Extracted data ▸

···

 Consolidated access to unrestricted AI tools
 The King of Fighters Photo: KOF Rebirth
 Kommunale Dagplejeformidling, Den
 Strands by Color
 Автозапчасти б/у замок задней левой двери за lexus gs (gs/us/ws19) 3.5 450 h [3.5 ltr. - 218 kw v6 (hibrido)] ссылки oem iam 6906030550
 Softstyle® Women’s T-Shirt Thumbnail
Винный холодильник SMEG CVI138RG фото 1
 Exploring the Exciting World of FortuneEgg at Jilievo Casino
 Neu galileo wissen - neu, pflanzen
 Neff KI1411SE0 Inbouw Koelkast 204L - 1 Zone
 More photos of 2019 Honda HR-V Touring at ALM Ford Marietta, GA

···

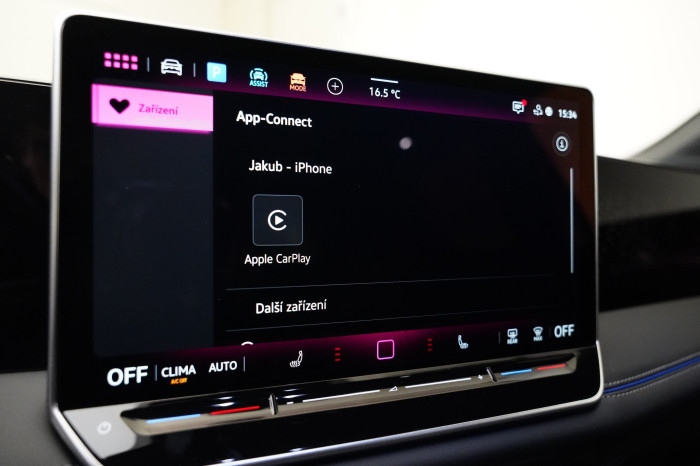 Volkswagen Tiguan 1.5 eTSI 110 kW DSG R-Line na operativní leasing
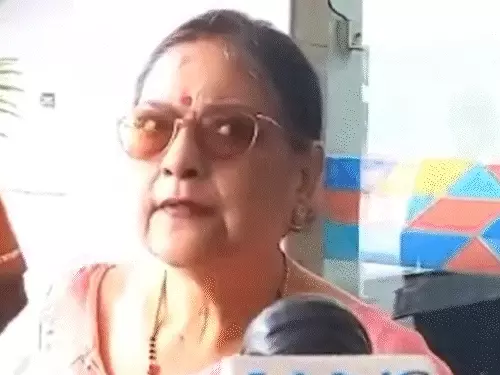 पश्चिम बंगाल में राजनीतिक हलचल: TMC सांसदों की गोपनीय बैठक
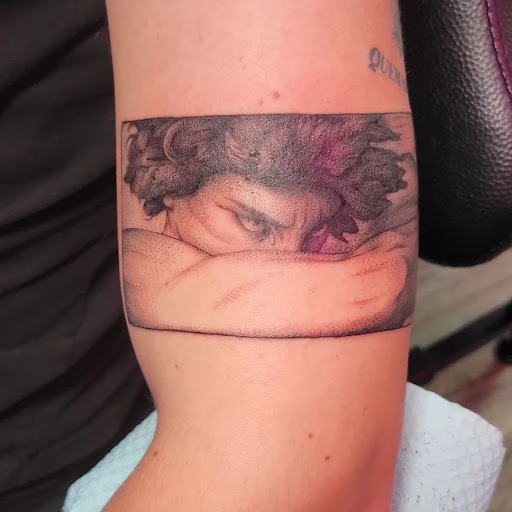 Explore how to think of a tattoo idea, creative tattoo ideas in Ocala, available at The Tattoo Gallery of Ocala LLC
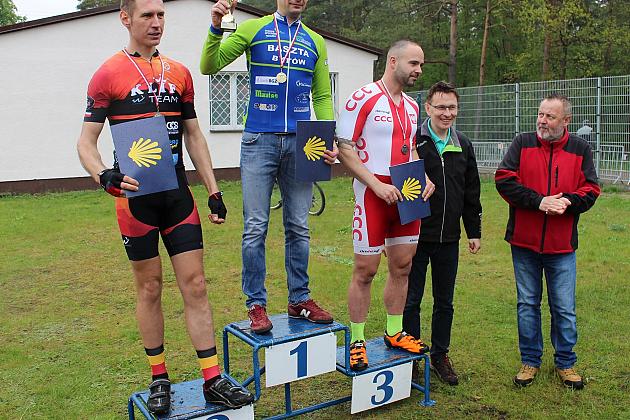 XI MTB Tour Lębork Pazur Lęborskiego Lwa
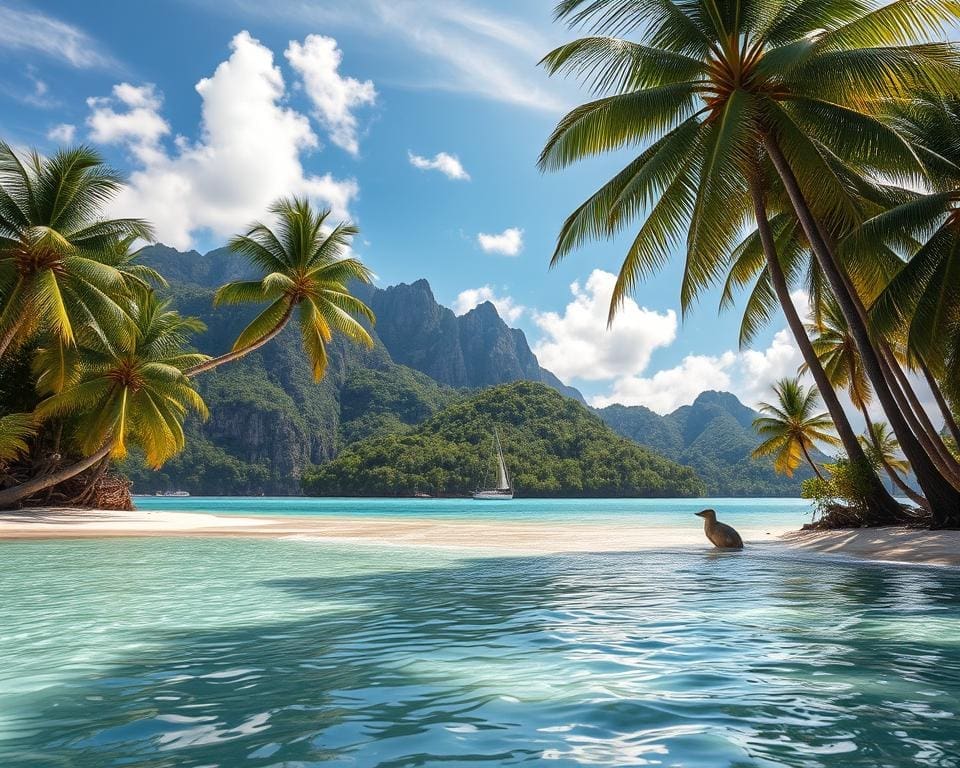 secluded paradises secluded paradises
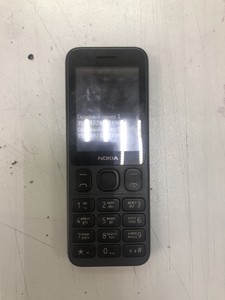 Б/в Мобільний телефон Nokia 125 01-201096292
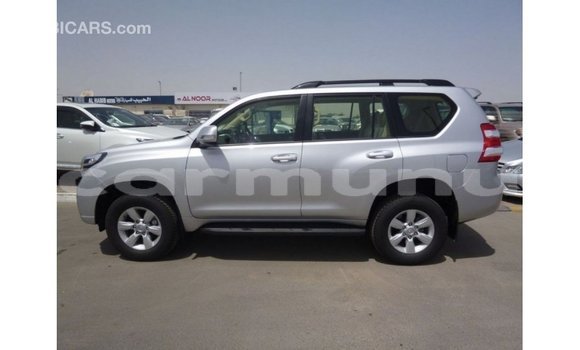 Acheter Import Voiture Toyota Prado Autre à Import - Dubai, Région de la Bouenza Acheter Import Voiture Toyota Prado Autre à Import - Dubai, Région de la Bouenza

···

Problem description ▸ Reproduce verbatim only the segment of the listing bounded by the line containing "Винный холодильник SMEG CVI138RG фото 1" and the line containing "More photos of", with both boundary lines included.

Written answer ▸
Винный холодильник SMEG CVI138RG фото 1
 Exploring the Exciting World of FortuneEgg at Jilievo Casino
 Neu galileo wissen - neu, pflanzen
 Neff KI1411SE0 Inbouw Koelkast 204L - 1 Zone
 More photos of 2019 Honda HR-V Touring at ALM Ford Marietta, GA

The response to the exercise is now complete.